→ **GIVEN INFORMATION**:
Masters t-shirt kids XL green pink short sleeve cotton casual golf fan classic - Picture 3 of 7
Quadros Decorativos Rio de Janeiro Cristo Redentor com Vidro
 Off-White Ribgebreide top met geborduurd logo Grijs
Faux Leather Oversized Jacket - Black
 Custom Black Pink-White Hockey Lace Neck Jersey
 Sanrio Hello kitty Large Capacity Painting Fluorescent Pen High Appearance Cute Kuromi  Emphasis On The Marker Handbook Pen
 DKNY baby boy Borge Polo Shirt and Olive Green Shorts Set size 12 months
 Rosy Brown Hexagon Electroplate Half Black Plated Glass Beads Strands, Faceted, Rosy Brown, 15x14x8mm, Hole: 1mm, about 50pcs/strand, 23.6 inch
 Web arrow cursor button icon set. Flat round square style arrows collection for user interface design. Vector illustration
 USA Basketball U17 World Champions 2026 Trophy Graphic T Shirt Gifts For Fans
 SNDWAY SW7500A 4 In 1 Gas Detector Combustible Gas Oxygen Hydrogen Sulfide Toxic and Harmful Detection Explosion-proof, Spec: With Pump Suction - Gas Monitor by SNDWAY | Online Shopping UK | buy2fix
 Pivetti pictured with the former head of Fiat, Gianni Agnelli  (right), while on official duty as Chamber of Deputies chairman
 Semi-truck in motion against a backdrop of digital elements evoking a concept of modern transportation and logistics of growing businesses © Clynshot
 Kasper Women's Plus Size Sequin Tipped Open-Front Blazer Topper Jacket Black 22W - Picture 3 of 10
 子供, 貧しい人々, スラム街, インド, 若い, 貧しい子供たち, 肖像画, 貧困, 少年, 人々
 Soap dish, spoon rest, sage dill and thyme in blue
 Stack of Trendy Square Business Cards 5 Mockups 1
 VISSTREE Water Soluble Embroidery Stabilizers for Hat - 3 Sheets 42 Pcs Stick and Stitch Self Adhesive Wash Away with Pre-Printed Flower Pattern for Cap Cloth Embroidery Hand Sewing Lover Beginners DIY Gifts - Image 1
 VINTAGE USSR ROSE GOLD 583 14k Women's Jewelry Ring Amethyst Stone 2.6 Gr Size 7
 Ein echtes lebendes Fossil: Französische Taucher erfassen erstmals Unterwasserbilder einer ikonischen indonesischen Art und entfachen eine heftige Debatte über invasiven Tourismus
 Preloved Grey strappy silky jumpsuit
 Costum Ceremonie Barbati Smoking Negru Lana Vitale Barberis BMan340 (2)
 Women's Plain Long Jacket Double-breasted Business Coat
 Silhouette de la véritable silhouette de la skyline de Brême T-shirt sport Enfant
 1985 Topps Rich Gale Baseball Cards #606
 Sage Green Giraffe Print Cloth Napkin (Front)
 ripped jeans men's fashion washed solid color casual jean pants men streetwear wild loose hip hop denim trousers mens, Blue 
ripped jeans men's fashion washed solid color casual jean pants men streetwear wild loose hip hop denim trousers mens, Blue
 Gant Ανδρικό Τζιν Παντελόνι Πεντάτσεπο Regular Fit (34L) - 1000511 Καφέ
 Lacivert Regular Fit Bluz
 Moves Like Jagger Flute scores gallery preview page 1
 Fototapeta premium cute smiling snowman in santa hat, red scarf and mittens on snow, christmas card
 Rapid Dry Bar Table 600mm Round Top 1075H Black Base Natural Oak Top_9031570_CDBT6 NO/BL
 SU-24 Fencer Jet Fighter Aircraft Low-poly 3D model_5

→ **WHAT YOU SHOULD DO**:
Retype every line up to and including the one that contains "Custom Black Pink-White", beginning at the first line of the records, with no edits.

→ **RESPONSE AREA**:
Masters t-shirt kids XL green pink short sleeve cotton casual golf fan classic - Picture 3 of 7
Quadros Decorativos Rio de Janeiro Cristo Redentor com Vidro
 Off-White Ribgebreide top met geborduurd logo Grijs
Faux Leather Oversized Jacket - Black
 Custom Black Pink-White Hockey Lace Neck Jersey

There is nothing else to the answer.